In the short term, traders pinpoint the $11,200 to $11,325 range as a critical support area. If that region holds, technical analysts believe a significant price drop is unlikely. But if Bitcoin demonstrates weakening momentum below $11,300, the market would likely become vulnerable. Although the technical momentum of BTC has been declining, traders generally see a bigger support range from $10,600 to $10,900.

Considering the array of positive events that buoyed the price of Bitcoin in recent weeks, a near-term pullback could be healthy. On Oct. 8, Square announced that it purchased $50 million worth of BTC, reportedly 1% of its assets. Then, on Oct. 13, it was reported that Stone Ridge, the $10 billion asset manager, invested $115 million in Bitcoin. The market sentiment is highly optimistic as a result, and a sell-off to neutralize market sentiment could be positive.

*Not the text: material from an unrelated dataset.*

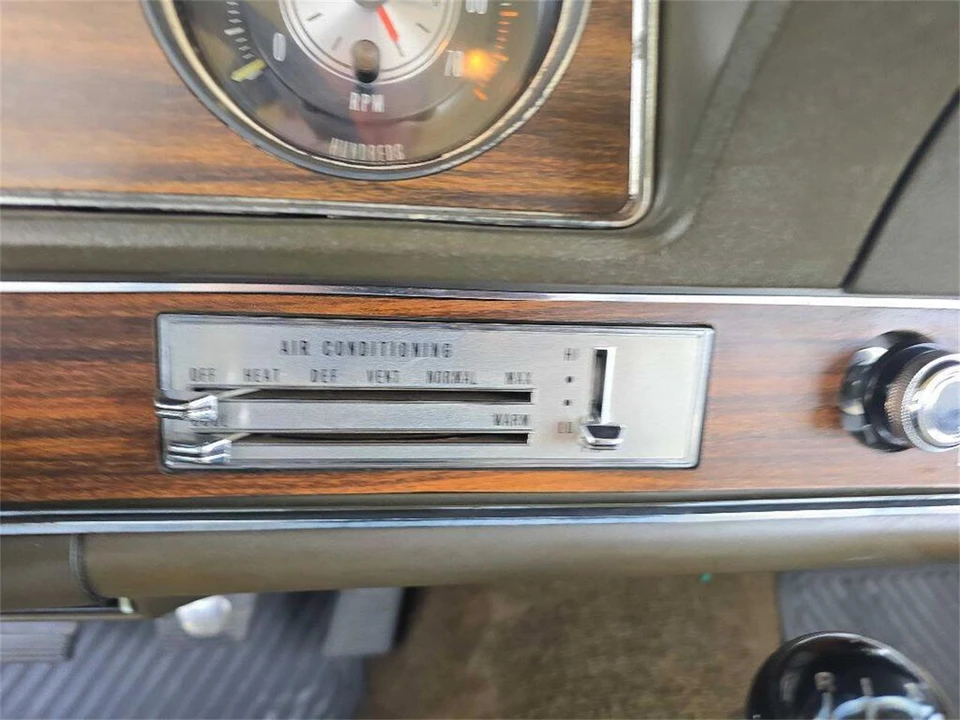 1972 Oldsmobile Cutlass Supreme - Image 15 of 31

Traders expect a consolidation period

Cryptocurrency traders and technical analysts are cautious in the short term, but not bearish enough to predict a clear top. Bitcoin has been ranging below $11,500, but it has also risen 5% month-to-date from $10,800. At the monthly peak, BTC recorded an 8% gain, which is relatively high considering the short period. As such, while the momentum of Bitcoin has dropped off in the past 36 hours, it is difficult to forecast a major pullback.

Michael van de Poppe, a full-time trader at the Amsterdam Stock Exchange, sees a healthy ongoing trend in the broader cryptocurrency market. The trader pinpointed that BTC could see a drop to the $10,600 to $10,900 support range, but the combined market cap of cryptocurrencies is clearly on track for an extended upwards rally, he said, adding: “Very healthy construction going on here. A higher-high made after a higher low was created. Just another range-bound period before breakout above $400 billion. The next target zones are $500 and $600 after that. But very healthy upwards trend.”

Edward Morra, a Bitcoin technical analyst, cited three reasons for a pullback to the $11,100 level, noting that BTC hit an important “daily supply” level when it rallied to $11,700. This means there was significant liquidity, which was also a heavy resistance level. Morra also said the 0.705 Fibonacci resistance and the “R1 weekly pivot” make a drop to $11,100 more likely in the near term.

A pseudonymous trader known as “Bitcoin Jack,” who accurately predicted the $3,600 bottom in March 2020, believes that while the current trend is not bearish, it’s not primed for a continuation either. BTC rejected the $11,500 to $11,700 range and has been trading under $11,400. He said that he would likely add to his positions once an upward price movement becomes more probable. The trader added: “Been reducing some on bounces — not too convinced after the two rejections on the two lines above price. Will add again as continuation becomes more likely.”

Although traders seemingly foresee a minor price drop in the short term, many analysts are refraining from anticipating a full-blown bearish rejection. The cautious stance of most traders is likely the result of two factors that have been consistently emphasized by analysts since September: BTC’s strong 15.5% recovery within merely 19 days and little resistance above $13,000.

Resistance above $13,000

Technically, there is no strong resistance between $13,000 and $16,500. Because Bitcoin’s upswing in December 2017 was so quick and strong, it did not leave many levels that could act as resistance. Hence, if BTC surpasses $13,000 and consolidates above, it would raise the probability of a retest of $16,500, and possibly the record high at $20,000. Whether that would happen in the medium term by the end of 2021 remains unclear.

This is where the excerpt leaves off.